# Step through process of data generation, salt creation, hash generation and search method for string matching in a stepped down environment.

## Protected environment
The protected environment contains data that cannot be distributed into less well controlled information or physical spaces.  Activities involving source data all occur within an environment that has the required controls for the confidentiality needs of the data, and also the management and maintenance of the salt.

In [1]:
import random, string, hashlib, json

salt_version = 0
salt_dict = []
coarse_names = {}
fine_names = {}

### Create a data set
As an example create a dataset that you wish to be able to validate against where some of the data is concrete (such as name) and some of the data has increasing fidelity such as date of birth or addresses.  Create a dataset that consists of a name (concrete) and an address (variable) based on three fields, city, street and number.  

The dataset can be any source format but needs to be reliablly extracted with strict formatting rules between search input and record storage (case, handling spaces and hyphenating, language specific characters, unknown values, date ranges etc).

Data that is not protected can also be stored unhashed to provide an indication of how you managed to match.  In this example it is the origin of the name and a reference for the entry.  An entry reference could be used to compare or extract data from other sources.

In [2]:
person_data = {'100001': ['mouse', 'mickey', 'orlando', 'main street', '30', 'DISNEY'],
        '100002': ['Duck', 'Donald', 'ducksville', '13th street', '1313', 'DISNEY'],
        '100003': ['Duck', 'Don', 'ducksville', '13th street', '1313', 'DISNEY'], # Entry represents a name alternative
        '100004': ['Kent', 'Clark', 'new york', 'unknown', 'unknown', 'MARVEL'],
        '100005': ['Kent', 'Clark', 'new york', 'clinton street', '344', 'MARVEL'], # This is a coarse clash but not fine clash
        '100006': ['Kent', 'Clark', 'metropolis', 'unknown', 'unknown', 'MARVEL'], # Entry represents alternative city
        '100007': ['Kent', 'Clark', 'new york', 'clinton street', '344', 'WARNER BROS.']} # Multiple production entries on a single person entry 

print ('{person_data_size} person records loaded.'.format(person_data_size=len(person_data)))

7 person records loaded.


### Salt Generation
Generate a salt through a sufficiently random routine and store it alongside an identifier, (date, version or other factor).  For simplicity this system only stores a single 16 character salt and attaches to a version as a key:value pair.  The salt has to be managed within the protected environment but will have to be used in stepped down environments in order to create the search query.

In [3]:
salt = ''.join(random.SystemRandom().choice(string.ascii_uppercase + string.digits + string.ascii_lowercase) for _ in range(16))
salt_version += 1
salt_dict.append({salt_version: salt})

print('Created salt {salt_string} as salt version {salt_version}.'.format(salt_string=salt, 
                                                                           salt_version=salt_version))
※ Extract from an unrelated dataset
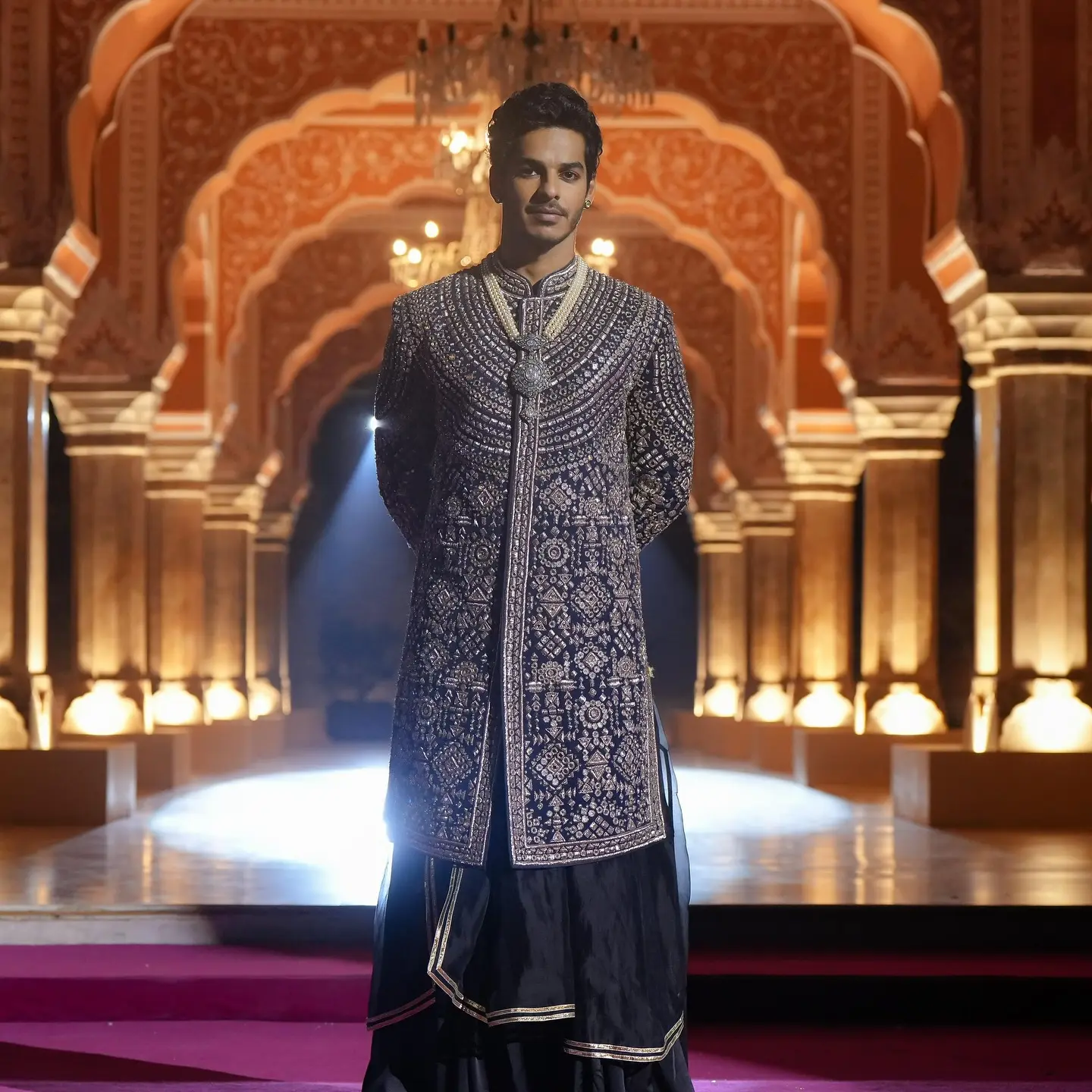 Ishaan Khatter dazzles in couture on Netflix finale, merging tradition with modern style.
Created salt maDHSiTuiVd4U8ah as salt version 1.


### Generate single record data entry.
Define a schema for joining data and then store as a new data set.  In this example each row level record is constructed as two different sets to allow course and fine grained matching;
- Fine grained consists as name and full address 
- Course grained consists of name with just city

Each record is then combined with the versioned salt to prevent some common attack methods, such as dictionary attacks and rainbow tables.  The salt ultimately prevents the record from being tested with name and location data in the event it is acquired by someone wishing to validate where all the superheros live.

In [4]:
coarse_names = {}
fine_names = {}
salt_used = salt
salt_used_version = salt_version

for entry_id, name_record in person_data.items():
    # Create a string of the data to be matched against
    fine_record = '{surname}:{firstname}:{city}:{street}:{house_number}:{salt}'.format(surname=name_record[0].lower(),
                                                                              firstname=name_record[1].lower(),
                                                                              city=name_record[2],
                                                                              street=name_record[3],
                                                                              house_number=name_record[4],
                                                                              salt=salt)
    
    coarse_record = '{surname}:{firstname}:{city}:{salt}'.format(surname=name_record[0].lower(),
                                                                              firstname=name_record[1].lower(),
                                                                              city=name_record[2],
                                                                              salt=salt)
    
    # Create the hashed versions of the search strings
    fine_record_hash = hashlib.sha3_512(bytes(fine_record, 'utf-8')).hexdigest()
    coarse_record_hash = hashlib.sha3_512(bytes(coarse_record, 'utf-8')).hexdigest()
    
    # Add to a dictionary of hashes related to entry_id and the entry_type
    try:
        fine_names[fine_record_hash].append((entry_id, name_record[5]))
    except KeyError:
        fine_names[fine_record_hash] = [(entry_id, name_record[5])]
    
    try:
        coarse_names[coarse_record_hash].append((entry_id, name_record[5]))
    except KeyError:
        coarse_names[coarse_record_hash] = [(entry_id, name_record[5])]
    
print('Created fine grained ({fine_len} records) and \
coarse grained ({coarse_len} records) data \
sets using salt version {salt_used}'.format(fine_len=len(fine_names), coarse_len=len(coarse_names), salt_used=salt_used_version))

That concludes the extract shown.